━━━ Data excerpt

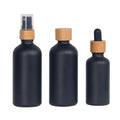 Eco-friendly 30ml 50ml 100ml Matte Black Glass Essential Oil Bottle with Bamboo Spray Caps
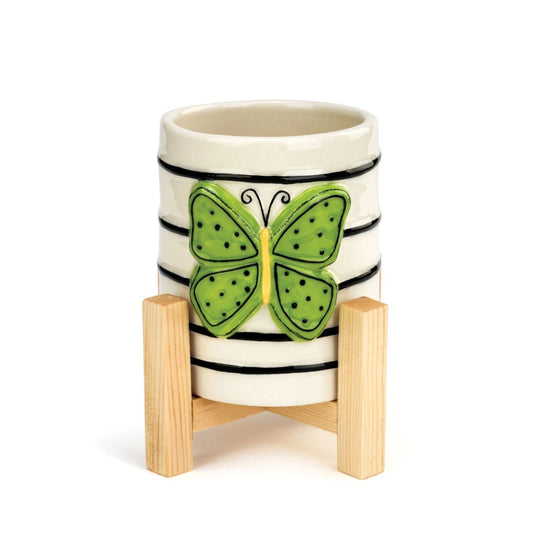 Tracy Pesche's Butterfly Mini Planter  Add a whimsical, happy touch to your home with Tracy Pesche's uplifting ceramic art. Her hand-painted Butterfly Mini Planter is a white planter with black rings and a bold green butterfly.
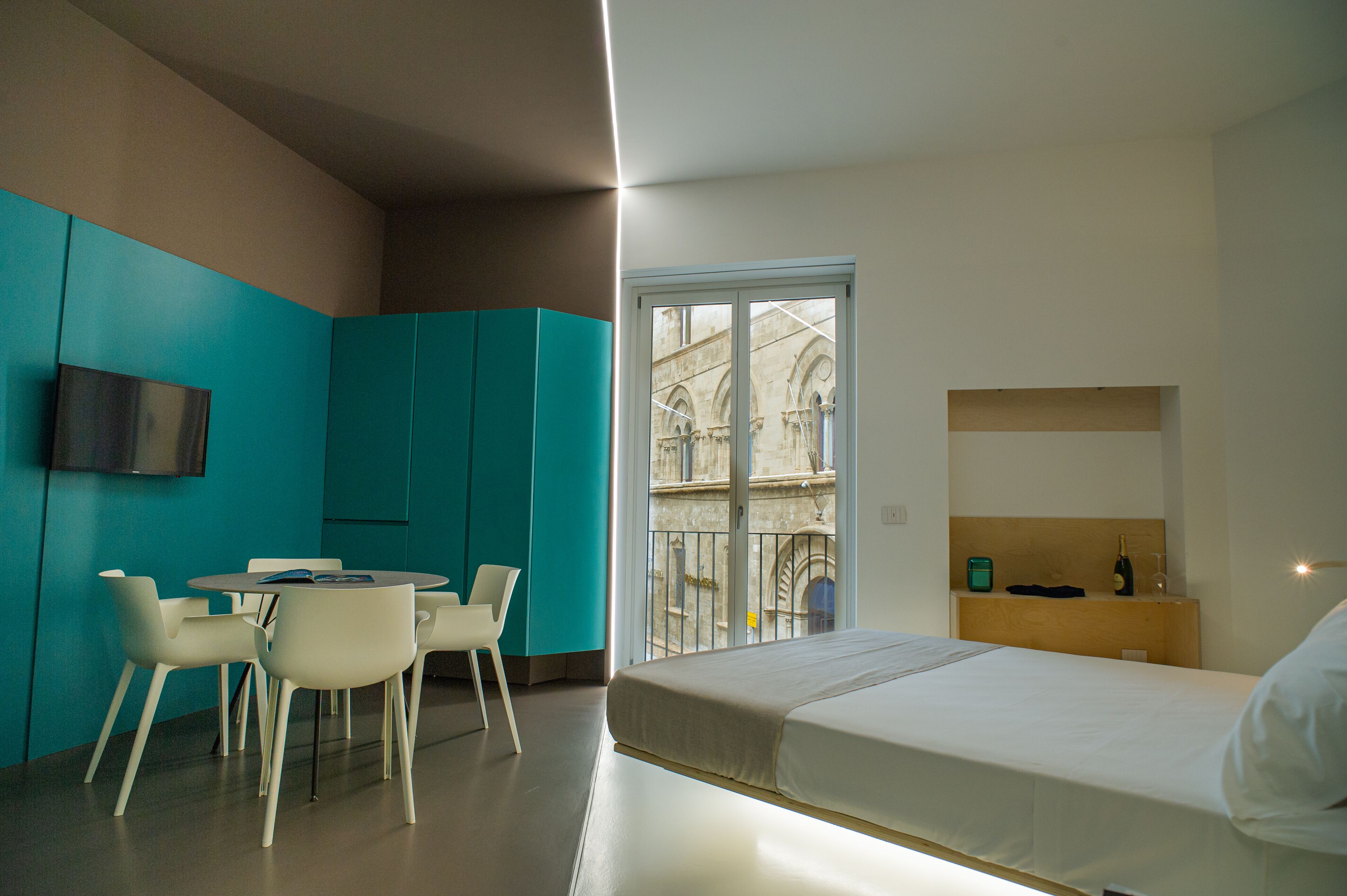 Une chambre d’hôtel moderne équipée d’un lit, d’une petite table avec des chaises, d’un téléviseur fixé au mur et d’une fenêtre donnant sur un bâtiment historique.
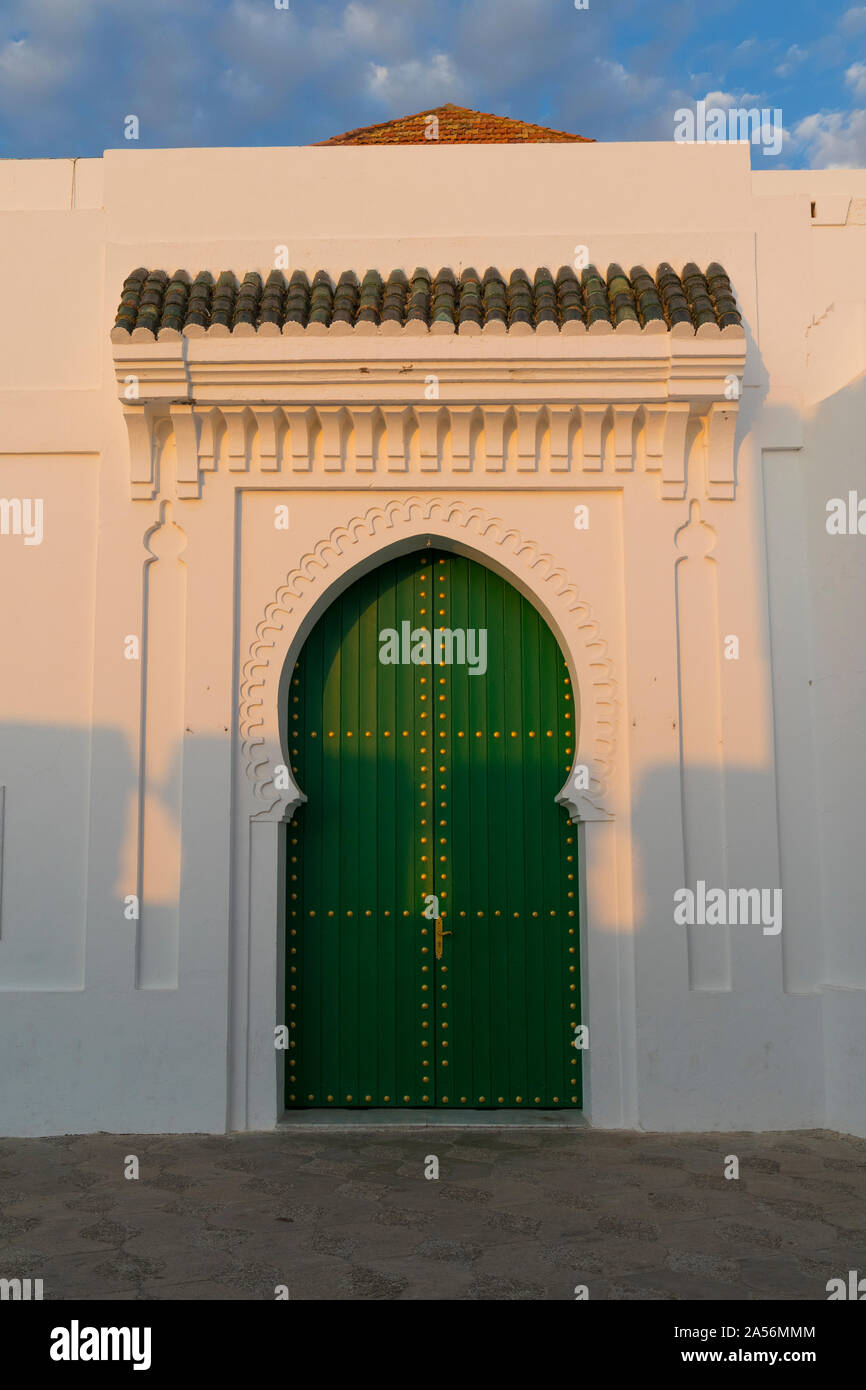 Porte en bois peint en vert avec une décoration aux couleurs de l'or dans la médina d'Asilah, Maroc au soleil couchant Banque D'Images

━━━━━━

■ Task statement
Would it be possible to give the material above again exactly, with the pictures left out?

■ Your response
 Eco-friendly 30ml 50ml 100ml Matte Black Glass Essential Oil Bottle with Bamboo Spray Caps
 Tracy Pesche's Butterfly Mini Planter  Add a whimsical, happy touch to your home with Tracy Pesche's uplifting ceramic art. Her hand-painted Butterfly Mini Planter is a white planter with black rings and a bold green butterfly.
 Une chambre d’hôtel moderne équipée d’un lit, d’une petite table avec des chaises, d’un téléviseur fixé au mur et d’une fenêtre donnant sur un bâtiment historique.
 Porte en bois peint en vert avec une décoration aux couleurs de l'or dans la médina d'Asilah, Maroc au soleil couchant Banque D'Images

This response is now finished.